What the validation revealed

Importantly, and aligned with the design philosophy, was the validation that premium services and general connectivity services can coexist. The combination of Massive MIMO-driven capacity expansion with network slicing made it possible to ensure quality for specific use cases without affecting general attendees’ connectivity. In fact, in this scenario there were clear improvements compared with the same event in 2025. For general attendees, based on average performance over the weekend, 5G SA customers experienced a performance uplift of 4 times in the downlink and more than 14 times in the uplink, while for non-standalone (NSA) customers this was around 1.5 times and 6 times respectively.

Beyond the general users, the specific performance requirements of the multiple slices running in parallel were all fulfilled with the needed connectivity. For payment slices, what matters is not speed, but responsiveness. For QR code payments and point-of-sale (PoS) terminals, high throughput is not a strict requirement. What these services need is a connectivity experience that is immediate and uninterrupted even under congestion. From a network perspective, that means low latency and stable sessions, rather than raw bandwidth. During the validation, terminals assigned to the payment slice maintained stable connectivity even as the congestion in the surrounding environment grew. Throughout the event, even during periods of congestion, there were no reports of service unavailability. This confirmed in a live event setting what is theoretically well understood: Different use cases, that call for different definitions of what “good connectivity” actually means, can be delivered.

For broadcast, millimeter-wave delivers the capacity needed in the uplink. Transmitting broadcast-quality footage from a live venue has very different requirements from, for example, a fan uploading a short clip. Continuous delivery of high-resolution, low-compression video demands wide, stable bandwidth in the uplink. The trial confirmed that millimeter-wave spectrum is well-suited to this role, and it was used for the live broadcasting of four programs. Beyond the measured performance itself, the setup also demonstrated practical operational value for live production teams, reinforcing confidence in wireless broadcasting workflows during the event.

The need for granular monitoring of SLAs

A less obvious but important finding had to do with the granularity of monitoring. In traditional operations, KPIs are typically collected at 15-minute intervals. But traffic at an event venue shifts quickly, driven by crowd movement, purchase surges, and broadcast schedules. At 15-minute granularity, a temporary SLA breach on a given slice could go undetected until it has already had an impact. In some cases, by the time an automated optimization would have triggered, the moment and the event itself will have already passed. During this validation, per-minute observability was established, providing greater visibility into each slice’s status and enabling high-speed automated adjustment of radio parameters in response. The conclusion was that per-slice SLA management only becomes operationally meaningful once monitoring granularity is fine enough to keep pace with actual network behavior. Introducing slicing without updating how the network is monitored leaves a practical ceiling on how precisely quality can actually be maintained.
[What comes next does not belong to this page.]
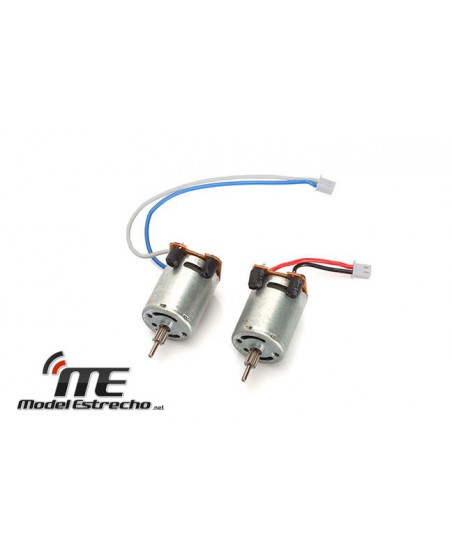 MOTOR PRINCIPALES  2.0 (2pzs)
Figure 19 illustrates how intent-based service differentiation is used on network slices to ensure SLA fulfilment. In this example, flexible control is applied across Slice A and Slice B, each with different SLA requirements during different traffic conditions (normal and high traffic). Slice A has a more demanding SLA than Slice B. Under normal traffic conditions, Slice A has more scheduling frequency than Slice B, and more bandwidth. As traffic increases due to congestion during the event, the external control system optimizes the network automatically to fulfil the SLA for high-traffic conditions. As a result, the more demanding SLA for Slice A can be fulfilled, while still delivering on the SLA for Slice B.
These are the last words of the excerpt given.